Reichspogromnacht und ihre Folgen
Die sogenannte Reichskristallnacht im November 1938 markierte einen weiteren grausamen Höhepunkt. In Nordhausen wurde die Synagoge am Pferdemarkt niedergebrannt, jüdische Geschäfte und Wohnungen zerstört. Zeitzeugen berichten, wie jüdische Familien in dieser Nacht von SA-Truppen aus ihren Häusern gezerrt und misshandelt wurden. Viele wurden in Konzentrationslager wie Buchenwald deportiert. Die Deportationen und der systematische Raub jüdischen Eigentums führten dazu, dass die jüdische Gemeinde in Nordhausen bis 1942 nahezu ausgelöscht war.

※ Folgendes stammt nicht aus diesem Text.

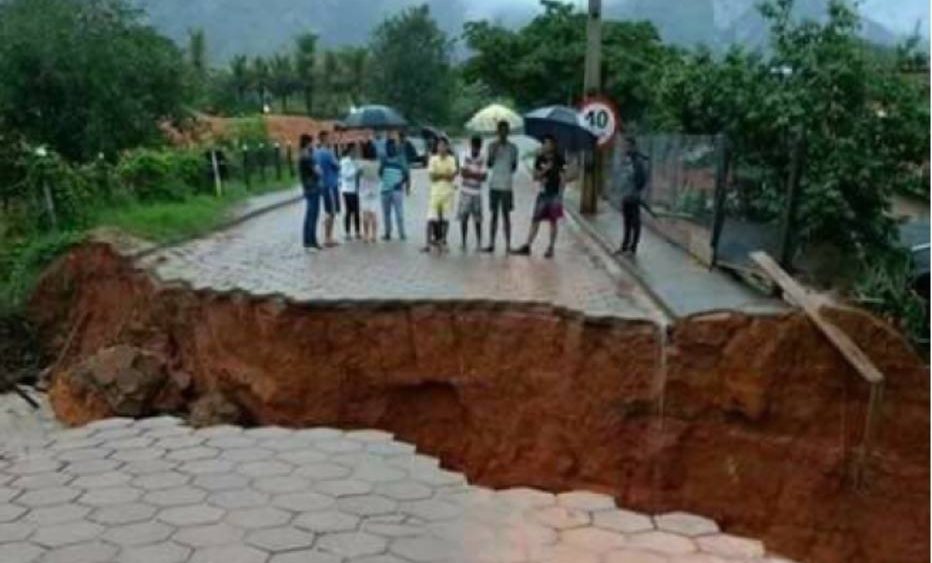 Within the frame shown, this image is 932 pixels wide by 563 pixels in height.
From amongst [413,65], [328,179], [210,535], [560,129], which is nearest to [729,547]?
[210,535]

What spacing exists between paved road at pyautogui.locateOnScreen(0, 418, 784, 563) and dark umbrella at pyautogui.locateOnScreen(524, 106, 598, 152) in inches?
349

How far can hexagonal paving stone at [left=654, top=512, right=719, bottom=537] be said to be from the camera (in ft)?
17.4

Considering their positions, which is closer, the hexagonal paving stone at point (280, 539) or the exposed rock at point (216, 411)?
the hexagonal paving stone at point (280, 539)

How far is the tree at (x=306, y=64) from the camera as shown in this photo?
6944cm

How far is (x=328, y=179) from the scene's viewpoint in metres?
15.1

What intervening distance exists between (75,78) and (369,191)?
10032 mm

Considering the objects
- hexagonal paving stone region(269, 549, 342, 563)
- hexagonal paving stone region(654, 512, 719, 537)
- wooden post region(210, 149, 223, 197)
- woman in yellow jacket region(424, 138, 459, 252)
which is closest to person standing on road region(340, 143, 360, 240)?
woman in yellow jacket region(424, 138, 459, 252)

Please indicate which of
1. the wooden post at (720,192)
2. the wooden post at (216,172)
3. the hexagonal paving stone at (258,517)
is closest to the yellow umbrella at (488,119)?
the wooden post at (216,172)

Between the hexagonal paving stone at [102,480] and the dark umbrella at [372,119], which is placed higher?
the dark umbrella at [372,119]

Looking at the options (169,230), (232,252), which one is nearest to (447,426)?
(232,252)

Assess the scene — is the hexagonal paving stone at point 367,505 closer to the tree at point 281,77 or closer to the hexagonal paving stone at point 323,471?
the hexagonal paving stone at point 323,471

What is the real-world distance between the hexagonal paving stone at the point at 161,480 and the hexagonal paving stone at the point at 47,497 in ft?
1.06

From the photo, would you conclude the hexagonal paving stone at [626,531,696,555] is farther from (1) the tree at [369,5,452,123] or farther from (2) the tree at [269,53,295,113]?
(2) the tree at [269,53,295,113]

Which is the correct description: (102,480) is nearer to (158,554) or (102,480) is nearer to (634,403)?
(158,554) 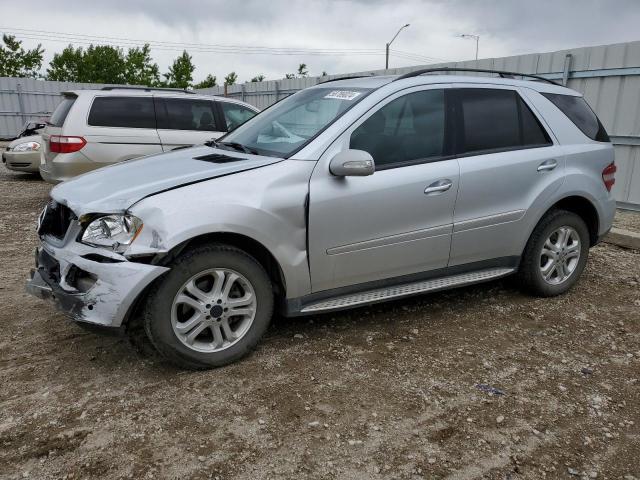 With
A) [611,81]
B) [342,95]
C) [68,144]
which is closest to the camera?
[342,95]

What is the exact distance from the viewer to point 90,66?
4719cm

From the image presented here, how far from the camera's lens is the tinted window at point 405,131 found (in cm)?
360

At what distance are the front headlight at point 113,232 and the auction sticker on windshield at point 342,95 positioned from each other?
172 centimetres

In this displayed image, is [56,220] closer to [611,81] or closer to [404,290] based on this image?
[404,290]

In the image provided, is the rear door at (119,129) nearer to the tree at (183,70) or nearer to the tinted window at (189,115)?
the tinted window at (189,115)

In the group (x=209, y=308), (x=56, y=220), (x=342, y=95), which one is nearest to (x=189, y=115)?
(x=342, y=95)

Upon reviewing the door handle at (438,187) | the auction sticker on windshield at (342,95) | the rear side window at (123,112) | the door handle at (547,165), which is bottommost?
the door handle at (438,187)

Der Kohnstein und die Kriegsjahre
Während des Krieges wurde der nahegelegene Kohnstein ein zentraler Ort der nationalsozialistischen Kriegswirtschaft. Im Inneren des Berges richtete die SS eine gigantische Rüstungsfabrik für die Produktion der V2-Raketen ein. Gleichzeitig entstand in der Nähe das Konzentrationslager Mittelbau-Dora, in dem Tausende Zwangsarbeiter unter unmenschlichen Bedingungen starben.

Die Bevölkerung Nordhausens wusste um die Vorgänge, schwieg jedoch aus Angst oder Opportunismus. Nur wenige hatten den Mut, Widerstand zu leisten. Der Film zeigt erschütternde Bilder und Berichte, die das Grauen dieser Zeit dokumentieren.

Der Untergang Nordhausens
Im April 1945, wenige Tage vor Kriegsende, wurde Nordhausen Ziel schwerer Luftangriffe der Alliierten. Über 8.000 Menschen starben, und die Stadt wurde fast vollständig zerstört. Die Bombardierung war eine Folge der strategischen Bedeutung der Rüstungsfabrik, aber auch ein Ausdruck der Rache für die von Nordhausen ausgehenden Kriegsverbrechen.

Ein Rückblick mit Warnung
„Die zweiten tausend Jahre“ endet mit einer eindringlichen Mahnung. Die Dokumentation zeigt, wie schnell ein blühendes Gemeinwesen in Hass, Gewalt und Zerstörung verfallen kann. Der Film ruft dazu auf, aus der Geschichte zu lernen, um zukünftiges Unheil zu verhindern.

Diese Aufarbeitung der Vergangenheit ist ein unverzichtbarer Beitrag zur Erinnerungskultur. Er zeigt, wie wichtig es ist, den Opfern zu gedenken und die Verantwortung für das Geschehene zu übernehmen.